The people have become so starved that their standards have degraded. Whenever the cabinet does the bare minimum, it’s considered to be such a significant improvement from the past. Worse yet, they now have legitimacy. We practically handed it to them when we let the current government choose for us and then “gave them a chance.” 

At the same time, we made a thousand excuses for our oppressors without giving a single chance to the hungry people fighting them. We need to have faith in each other and stop abandoning the struggle the moment a single thing doesn’t go exactly our way. A unified secular political presence must compete if we are to see genuine progress. 

No risk, no reward

Leadership and coordination would be important, not necessarily in a rigid hierarchy, to officially unify the demands of those who seek change and streamline the selection of a proper cabinet. They should be well-known experts, proven to be unaffiliated with Lebanon’s traditional sectarian parties. This may be challenging but not impossible. By doing so, the current government would have little room to legitimize a corrupt selection because the people have already made their choice loud and clear. 

This would require leaders willing to be placed under a potentially dangerous spotlight but unless more than a handful of individuals are willing to do so, things don’t look too promising. Because as incredible as Melhem Khalaf’s contributions have been, he is only one man. We cannot rely on him and other lawyers to fix all the country’s problems. Change requires capable individuals in other roles to step up as well, and Lebanon won’t be saved by one person .

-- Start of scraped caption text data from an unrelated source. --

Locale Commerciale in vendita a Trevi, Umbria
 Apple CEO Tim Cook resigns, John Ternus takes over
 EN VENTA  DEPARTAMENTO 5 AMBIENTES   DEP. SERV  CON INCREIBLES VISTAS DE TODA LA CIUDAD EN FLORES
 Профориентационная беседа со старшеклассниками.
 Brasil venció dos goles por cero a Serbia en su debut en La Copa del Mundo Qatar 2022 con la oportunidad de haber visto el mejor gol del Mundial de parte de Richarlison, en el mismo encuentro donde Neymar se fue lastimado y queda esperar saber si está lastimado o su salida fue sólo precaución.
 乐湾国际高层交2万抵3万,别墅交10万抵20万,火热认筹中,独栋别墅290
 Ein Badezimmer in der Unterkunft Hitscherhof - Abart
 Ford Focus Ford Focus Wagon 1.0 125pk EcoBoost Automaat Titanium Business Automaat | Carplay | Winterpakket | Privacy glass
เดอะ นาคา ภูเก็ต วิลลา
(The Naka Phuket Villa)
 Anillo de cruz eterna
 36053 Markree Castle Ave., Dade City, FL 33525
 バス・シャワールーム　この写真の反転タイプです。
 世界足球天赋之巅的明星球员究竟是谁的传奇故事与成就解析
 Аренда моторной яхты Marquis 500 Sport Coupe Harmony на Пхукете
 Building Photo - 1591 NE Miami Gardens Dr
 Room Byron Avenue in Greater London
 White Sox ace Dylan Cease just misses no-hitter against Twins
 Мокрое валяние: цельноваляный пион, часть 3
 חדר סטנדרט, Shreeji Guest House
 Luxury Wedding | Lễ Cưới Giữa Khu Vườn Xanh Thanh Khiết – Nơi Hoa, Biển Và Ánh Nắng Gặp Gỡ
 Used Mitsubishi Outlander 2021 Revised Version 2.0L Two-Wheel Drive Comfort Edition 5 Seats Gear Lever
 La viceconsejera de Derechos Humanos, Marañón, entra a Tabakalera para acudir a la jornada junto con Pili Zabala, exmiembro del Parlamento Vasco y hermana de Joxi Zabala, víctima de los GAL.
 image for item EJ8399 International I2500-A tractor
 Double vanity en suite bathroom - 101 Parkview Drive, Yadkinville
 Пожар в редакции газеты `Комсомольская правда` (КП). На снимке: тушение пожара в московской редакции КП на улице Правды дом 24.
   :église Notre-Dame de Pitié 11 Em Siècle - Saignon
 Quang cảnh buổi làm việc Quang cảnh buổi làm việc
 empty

But what about early elections? 

If we are to be rid of sectarianism, a key goal remains early elections. However, we have no guarantees that they will play out any differently than the last parliamentary elections that were held. 

International and independent oversight would be necessary in such a case to monitor elections and minimize electoral fraud. Although, it may be too early for us to even discuss this step.


Most importantly, the Lebanese people require guarantees. For now, the traditional sectarian parties provide them to their supporters in many forms, from career opportunities to money for school tuition. 

If we are to compete with that, we need to give them something as well –and I don’t mean to fall into the same corrupt system through which our politicians currently work. I’m talking about hope, a sense of optimism, security and long-term plans with benefits that encourage them to support those seeking concrete change. A clean, organized political force will provide that hope and we have no shortage of competent civil society actors to coordinate its creation.